◆ Data shown:

BEGIN

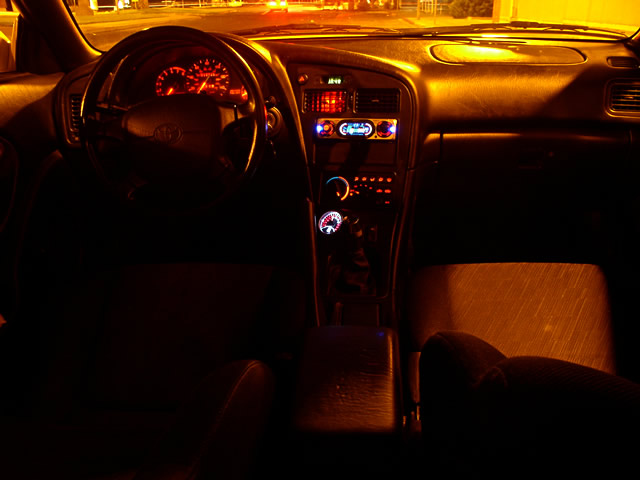 IPB Image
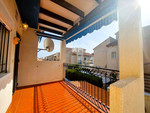 2 bedroom Villa for sale in Playa Flamenca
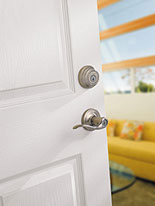 Juno Beach locksmith in Juno Beach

END

◆ Your goal:
Leave out all pictures and extract exactly the lines from the line with "2 bedroom Villa for sale in Playa Flamenca" through the end of the material.

◆ Answer:
 2 bedroom Villa for sale in Playa Flamenca
 Juno Beach locksmith in Juno Beach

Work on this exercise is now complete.